Thursday, September 12, 2013

Infrastructure Financing

Lack of infrastructure has long been cited as the biggest impediment to India's economic growth. Infrastructure includes services such as power, transport, communication, education, health, drinking water supply and sanitation.

The demand for infrastructure has always outpaced its supply ever since Independence. This is mainly on account of the inadequate resources allocated for infrastructure. Infrastructure projects face two big difficulties - a high investment requirement and a long gestation period. As a result, financing these projects has become a major headache for Indian economy.

Why is infrastructure development important?
a) It raises the growth potential of the economy
b) It leads to inclusive growth
c) It can ensure a planned and sustainable urbanization
d) It leads to human development

Traditionally, development of infrastructure has been the prerogative of the public sector but given the increased fund requirements, the public sector is keen to involve the private sector to supplement the efforts of the public sector on the one hand and to bring greater efficiency on the other. This has resulted in formation of Public-Private Partnerships (PPP) for joint development of infrastructure.

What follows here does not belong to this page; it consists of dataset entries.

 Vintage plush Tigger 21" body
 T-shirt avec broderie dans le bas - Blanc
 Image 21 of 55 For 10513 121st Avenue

The 12th Plan has envisaged a requirement of US$1 trillion for infrastructure development over the period of 2012-17. It also believes that around half of this will come from the private sector.

The government has also permitted setting up of Infrastructure Debt Funds (IDFs) which will use innovative mechanisms to fund infrastructure projects via debt. Besides, India Infrastructure Finance Company Limited (IIFCL) is also expected to support infrastructure projects.

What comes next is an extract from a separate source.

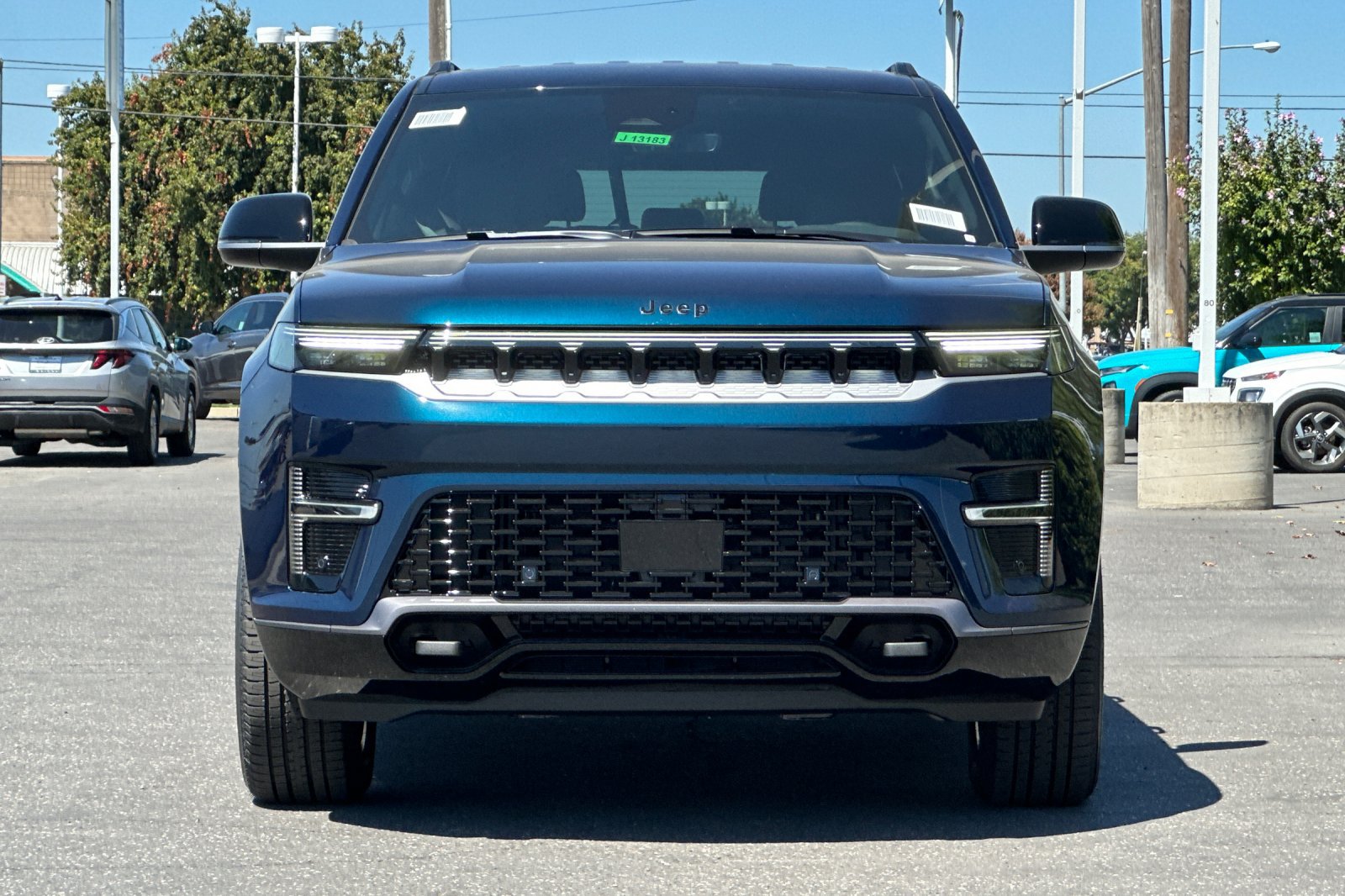 New 2026 Jeep Grand Wagoneer 4WD image 9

These efforts are in the right direction and they need to be supplemented by some other strategies.

What else can be done for financing infrastructure?

a) Insurance, Provident and Pension Funds need to be mobilized for development of infrastructure. Because of their long horizon, they are the most suitable for financing infrastructure projects. In fact, many developed countries have successfully used these funds for sufficing their infrastructure resource requirements.

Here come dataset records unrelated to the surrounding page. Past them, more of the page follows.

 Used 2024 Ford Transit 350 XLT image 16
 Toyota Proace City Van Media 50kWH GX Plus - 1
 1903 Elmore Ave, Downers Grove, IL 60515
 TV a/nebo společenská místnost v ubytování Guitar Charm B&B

b) Consolidation of the banking sector into a three-or-four tiered structure can also prove useful. It may result in the formation of 3-4 large banks at the apex which will have deeper pockets and a wider clientele. These funds can be successfully employed in financing infrastructure projects.

c) Greater resource generation by the public sector is also very important. This will entail reforms in Tax Administration which can raise India's tax-to-GDP ratio.

d) Finally, delay in clearing of infrastructure projects needs to be avoided. It not only raises time and cost requirements, but also depresses investors' sentiments. Delays can lead to a decline in private investment which would be detrimental to India's interests as present.

An all-out effort needs to be made to gather resources for infrastructure development so as to ensure a long-term inclusive growth of the Indian economy.